----- Data for this exercise -----

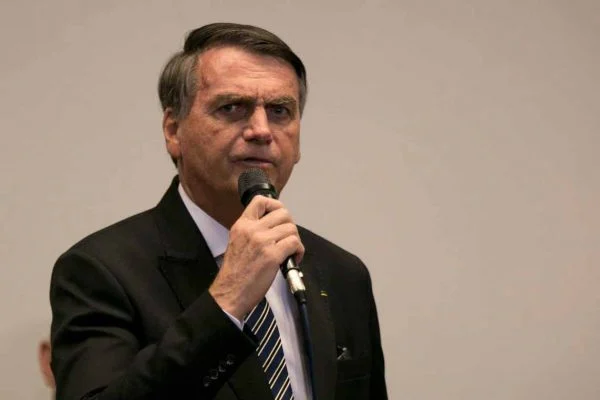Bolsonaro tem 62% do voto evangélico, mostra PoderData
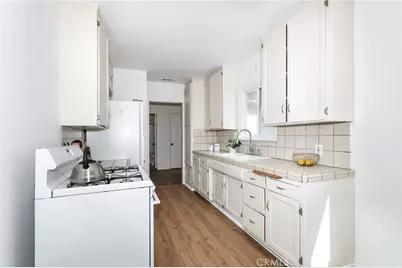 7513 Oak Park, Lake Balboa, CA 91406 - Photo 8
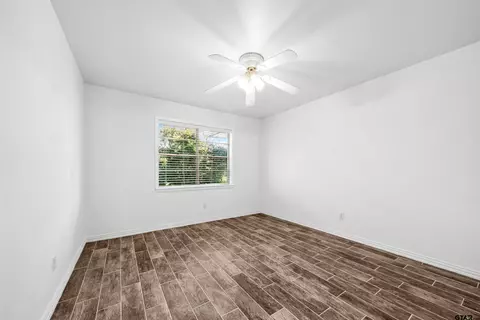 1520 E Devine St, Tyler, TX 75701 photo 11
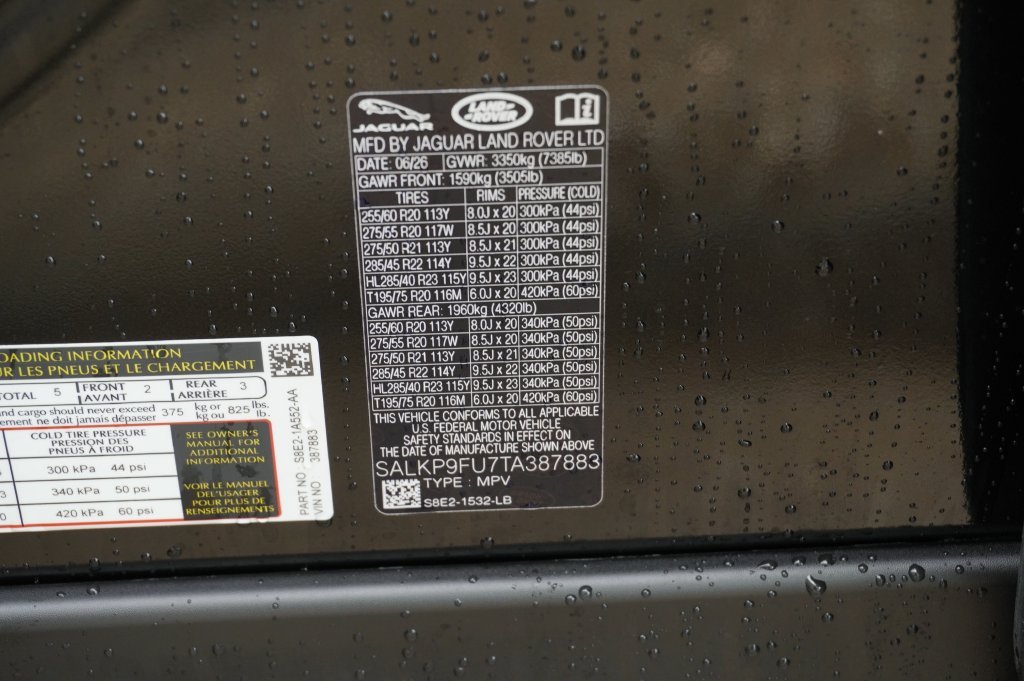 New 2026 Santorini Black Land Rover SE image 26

-----
----- Data for this exercise -----

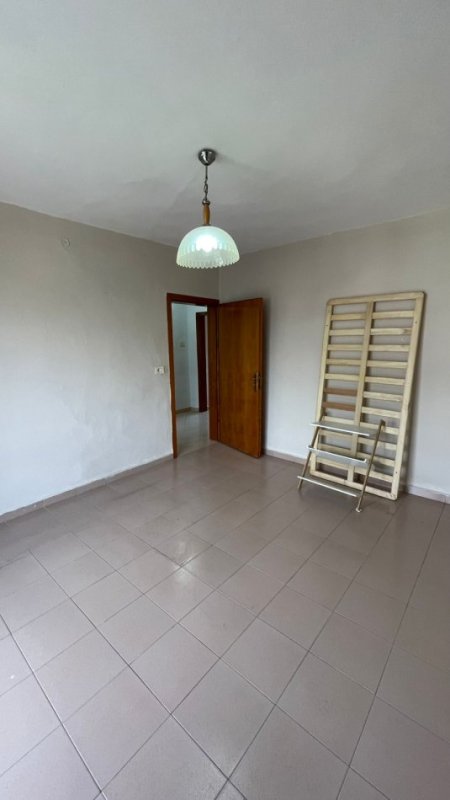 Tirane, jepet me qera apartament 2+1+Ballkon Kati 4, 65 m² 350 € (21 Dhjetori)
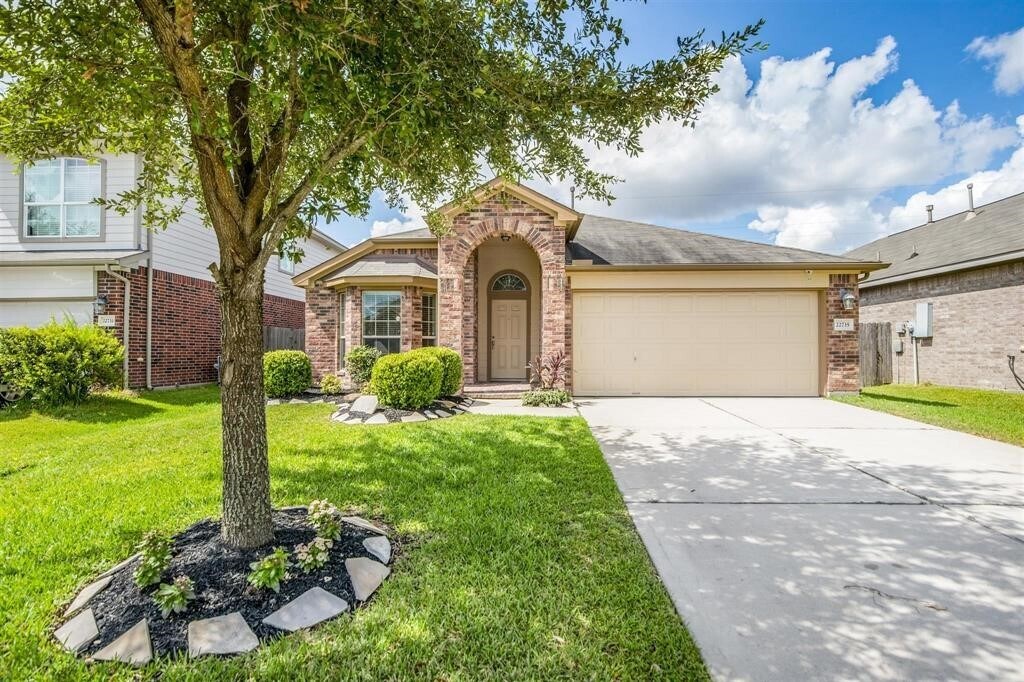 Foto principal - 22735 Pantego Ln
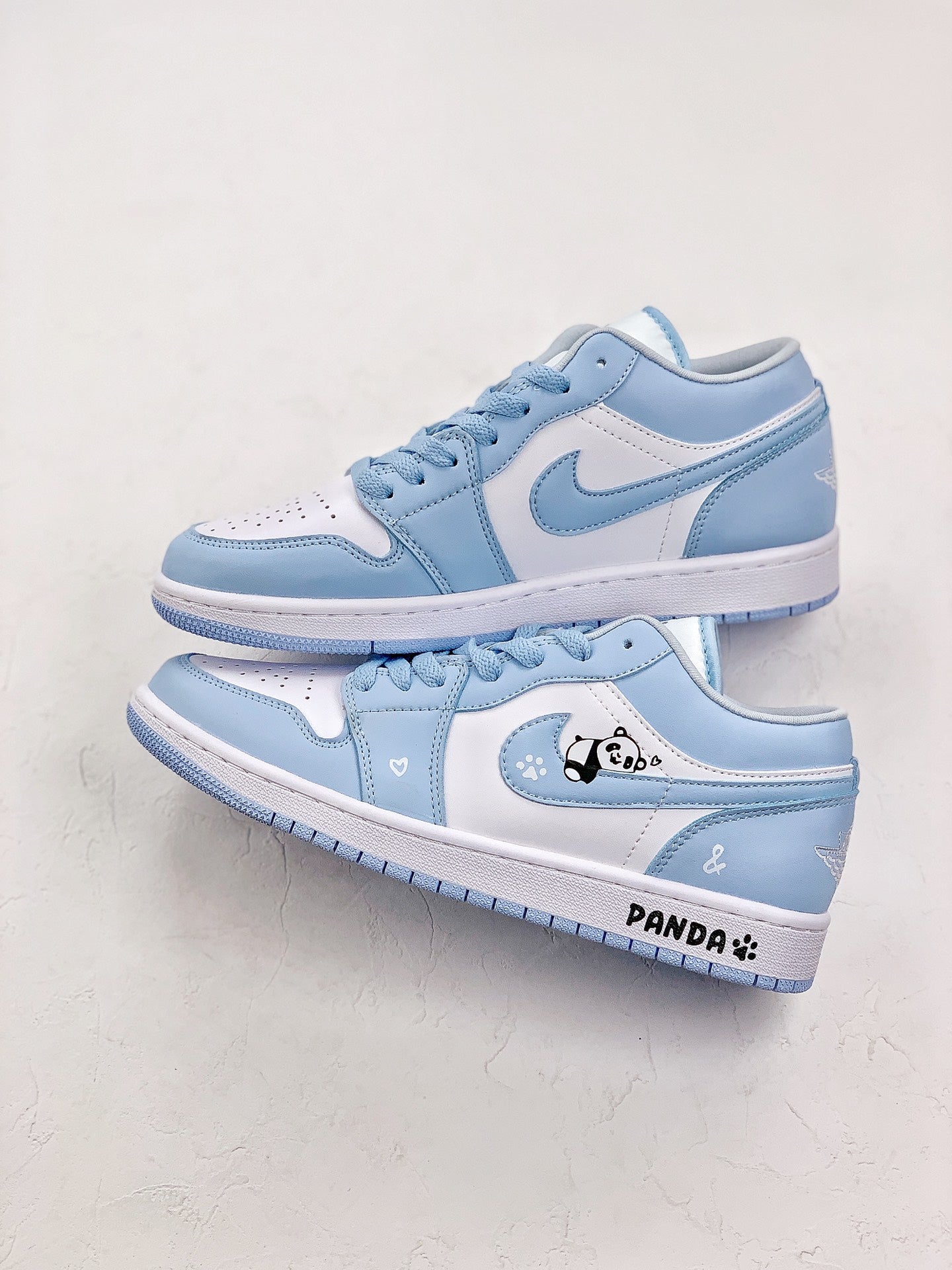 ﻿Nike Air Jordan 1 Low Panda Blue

-----

**Task to complete**
From the material above, output only the span of lines that starts at the one containing "Bolsonaro tem 62%" and finishes at the one containing "New 2026 Santorini", word for word and free of pictures.

**Answer space**
Bolsonaro tem 62% do voto evangélico, mostra PoderData
 7513 Oak Park, Lake Balboa, CA 91406 - Photo 8
 1520 E Devine St, Tyler, TX 75701 photo 11
 New 2026 Santorini Black Land Rover SE image 26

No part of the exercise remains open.